Depuis le début de la compétition, c’était le patron. Celui qui rassurait tout le monde, qui bouchait les errements défensifs d’une dernière ligne qui se cherchait encore et la caution sécurité d’une défense française en chantier. Contre l’Allemagne, Laurent Koscielny a prouvé que l’avenir de la dernière ligne tricolore passerait par sa crête et ses biceps. C’est définitif. Jusqu’ici, c’était déjà le cas, mais les problèmes de relance du défenseur d’Arsenal alertaient. Jeudi soir, à Marseille, ce n’était pas son rôle et pourtant. Pourtant, au-delà de colmater les offensives allemandes, Koscielny s’est appliqué, a lancé les phases de transitionfrançaises et s’est trouvé dans un rôle qu’on ne lui connaissait plus depuis le début de la compétition. Oui, l’Allemagne a maîtrisé le ballon et, sans un gros Lloris, la France aurait pu se faire retourner par son destin. Mais il y a des soirs où il choisit son camp. Cette fois, il était français avec des latéraux occupés par la stricte tâche de défendre plutôt que de grimper offensivement.

Big Sam

Lui était le pari. Un appelé de dernière minute qui est finalement devenu un patron insoupçonné malgré les nombreuses qualités montrées avec l’OL cette saison. En l’espace de quelques semaines, Umtiti a changé de dimension : de Lyon à l’OL, de son canapé à une demi-finale de championnat d’Europe contre les champions du monde en titre.

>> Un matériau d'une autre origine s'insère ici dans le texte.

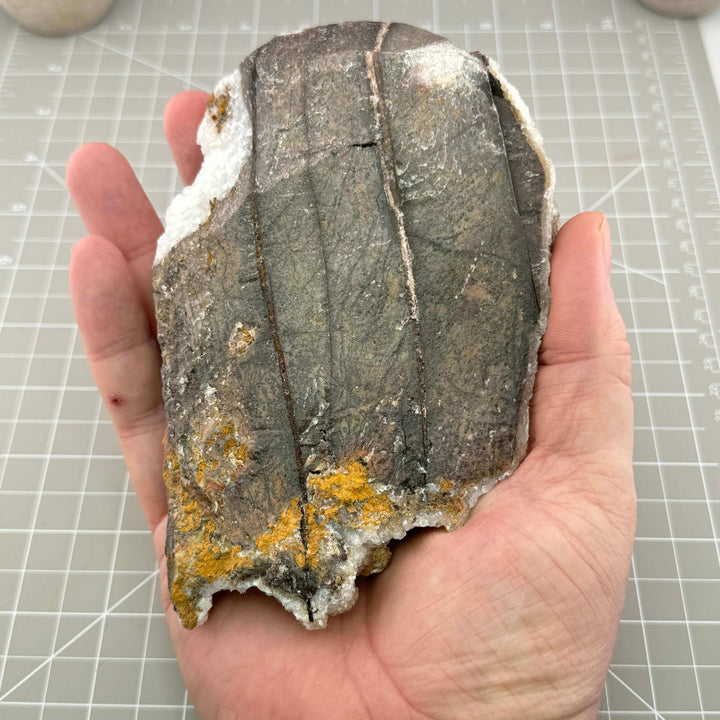 Calcite Aragonite Specimen  - Mexico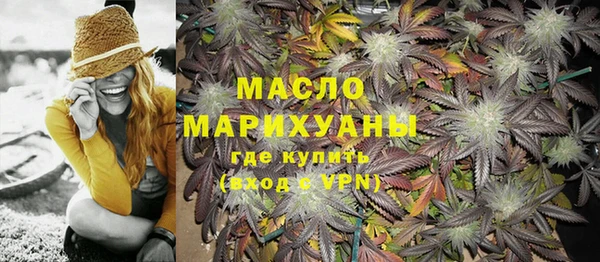шишки Чердынь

Et voilà comment finalement trouver la confiance, poussé en interne par un Deschamps intimiste : jeudi soir, Samuel Umtiti a simplement été le défenseur le plus décisif sur la pelouse, bousculant ses vis-à-vis, utile dans la relance, imposant dans l’impact, au point de se faire définitivement un nom au niveau international. Voilà l’enseignement de la soirée au-delà de la place de finaliste de l’équipe de France. Dans la souffrance, les Bleus ont probablement trouvé un axe central autour d’une paire de latéraux qu’il faudra probablement renouveler après l’Euro. Il n’y a maintenant plus de doutes : la France est capable de renverser des montagnes, alors autant qu’elle renverse l’Europe.